As I’m picking up poop and trying not to cry, Nate is raking up the various hay piles from this past week so I can scoop them together to create Leeloo’s rolling pile of hay. Leeloo prefers rolling, and sleeping, in hay, which is annoying because I would like her to eat said hay. I’ve been trying to compromise by collecting the older hay into a suitable rolling/sleeping pile and hoping she’ll leave the new, for eating hay, alone (this is reason number one I need hay boxes). It is sort of working, sometimes. However, after a week as a rolling/sleeping pile I like to take that hay out to use as mulch for our trees. So, I’m picking up poop, and Nate is raking up hay and dumping out the two hay boxes to get all the little hay crumbs out and to move the boxes to a different position so we’re not making any one spot too muddy/dead. As he’s doing that, I see Leeloo very slowly follow behind, picking over every newly raked up hay pile and newly exposed tasty hay crumb from the hay boxes. I also watch her drink some water, and pee, and realize that maybe I overreacted just a tiny bit. She’s still not sound, she’s still very clearly in pain, and there is still the fact that three of her four limbs are stocked up and sore to the touch which is not normal, but she’s not dying. The call to the vet could maybe have waited until Monday but it wasn’t unreasonable to have called today, however the crying was unnecessary as was the super fun mental diatribe of “this is why we don’t ever try anything and just sit around and read books because you finally bring your horse home and manage to kill her” both of which were absolutely the fault of that sugar from the previous day. SUGAR IS EVIL!
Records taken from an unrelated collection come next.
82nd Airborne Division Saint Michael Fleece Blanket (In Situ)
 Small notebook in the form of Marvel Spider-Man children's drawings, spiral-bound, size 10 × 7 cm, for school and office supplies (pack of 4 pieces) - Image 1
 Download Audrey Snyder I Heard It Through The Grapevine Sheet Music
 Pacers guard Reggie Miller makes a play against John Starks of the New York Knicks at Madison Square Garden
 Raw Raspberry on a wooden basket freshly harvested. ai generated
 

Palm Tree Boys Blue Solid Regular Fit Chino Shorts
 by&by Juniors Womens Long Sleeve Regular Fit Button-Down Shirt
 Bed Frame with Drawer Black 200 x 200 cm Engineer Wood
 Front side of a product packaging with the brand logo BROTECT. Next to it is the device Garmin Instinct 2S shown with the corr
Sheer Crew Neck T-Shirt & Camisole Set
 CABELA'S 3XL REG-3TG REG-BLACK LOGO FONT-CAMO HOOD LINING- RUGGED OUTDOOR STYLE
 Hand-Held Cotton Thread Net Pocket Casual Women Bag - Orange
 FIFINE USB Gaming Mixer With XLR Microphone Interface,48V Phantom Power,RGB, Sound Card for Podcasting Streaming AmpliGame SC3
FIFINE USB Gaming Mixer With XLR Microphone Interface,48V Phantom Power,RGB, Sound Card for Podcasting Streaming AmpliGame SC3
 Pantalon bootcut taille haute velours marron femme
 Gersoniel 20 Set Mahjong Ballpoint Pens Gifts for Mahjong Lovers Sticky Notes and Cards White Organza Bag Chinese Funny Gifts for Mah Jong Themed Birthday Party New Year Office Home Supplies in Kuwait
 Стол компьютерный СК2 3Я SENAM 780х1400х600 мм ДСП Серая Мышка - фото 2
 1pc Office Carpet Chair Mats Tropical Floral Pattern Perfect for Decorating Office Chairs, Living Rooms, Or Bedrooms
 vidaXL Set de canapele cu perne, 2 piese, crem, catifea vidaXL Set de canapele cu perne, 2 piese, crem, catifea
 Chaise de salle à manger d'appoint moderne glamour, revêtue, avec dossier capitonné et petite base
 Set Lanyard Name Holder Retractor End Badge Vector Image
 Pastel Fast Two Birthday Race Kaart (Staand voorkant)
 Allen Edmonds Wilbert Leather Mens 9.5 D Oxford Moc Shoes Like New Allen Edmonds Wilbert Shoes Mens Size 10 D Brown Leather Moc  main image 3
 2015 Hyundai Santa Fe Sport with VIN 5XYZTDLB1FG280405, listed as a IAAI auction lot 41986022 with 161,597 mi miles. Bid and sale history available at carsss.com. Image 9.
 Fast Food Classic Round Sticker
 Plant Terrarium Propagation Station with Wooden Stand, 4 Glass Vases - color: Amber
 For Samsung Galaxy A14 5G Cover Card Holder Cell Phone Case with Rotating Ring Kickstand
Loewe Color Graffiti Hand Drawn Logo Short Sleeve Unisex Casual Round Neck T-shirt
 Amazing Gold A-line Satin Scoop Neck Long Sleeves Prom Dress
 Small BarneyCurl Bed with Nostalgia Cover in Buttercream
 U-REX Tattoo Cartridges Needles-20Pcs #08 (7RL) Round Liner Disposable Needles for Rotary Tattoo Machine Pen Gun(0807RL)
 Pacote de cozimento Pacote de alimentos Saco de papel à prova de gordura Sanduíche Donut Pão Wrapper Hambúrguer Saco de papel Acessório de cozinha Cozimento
The vet calls, we talk about what I’m seeing, and she agrees Leeloo should probably be looked at today. Of course by the time the vet gets to us Leeloo is doing better, still swollen in three of the four legs, still clearly uncomfortable and not as coordinated as normal when moving, but definitely better, and had I found Leeloo in the condition she was in when the vet arrived I would have waited to call said vet on Monday. We talk through possible causes: could be an allergic reaction to something she ate or experienced in her environment, could be an infectious disease, could be a tick-born illness (great). There is an in-the-field blood test they can do for infections, if the result is over 50 it means that there is some sort of infection present and antibiotics should be started. Leeloo scored a 48. We opted to do more blood work and give her some banamine for the day, and I’m going to continue to give her banamine for the next few days. Neither of us thought it was enough of an emergency to pay the through-the-nose cost of having the blood analyzed on a weekend so we’ll get the results late Monday or early Tuesday.

As we were doing that last blood draw and administering the banamine I noticed a bee flying around Leeloo’s chest. We have had a ton of bees and wasps around our house the last few weeks. I asked if it was possible that this could be a reaction from a bee or wasp sting and the vet said it could be, she could have gotten stung on her left side which is why that side is having more of a reaction, and had she just gotten stung that morning it would be why she was so bad then and why it was already getting better.

By the end of the day Leeloo was looking much better and moving more comfortably. I saw her trotting around a bit as well, mostly to herd Juniper to wherever Leeloo wanted them to be. We’ll get the results of the bloodwork soon but my current working theory is that Leeloo heard me tell Nate this morning that at least we didn’t have to pay board this month so that saved us some money and she decided to fix that for us.


Photo of Leeloo taken at Elysium Farm, in Maple Plain MN
I didn’t think of taking any photos of Leeloo this morning (sugar makes you mentally foggy too – nothing good comes from sugar!) so enjoy this photo of her taken at one of our previous boarding facilities.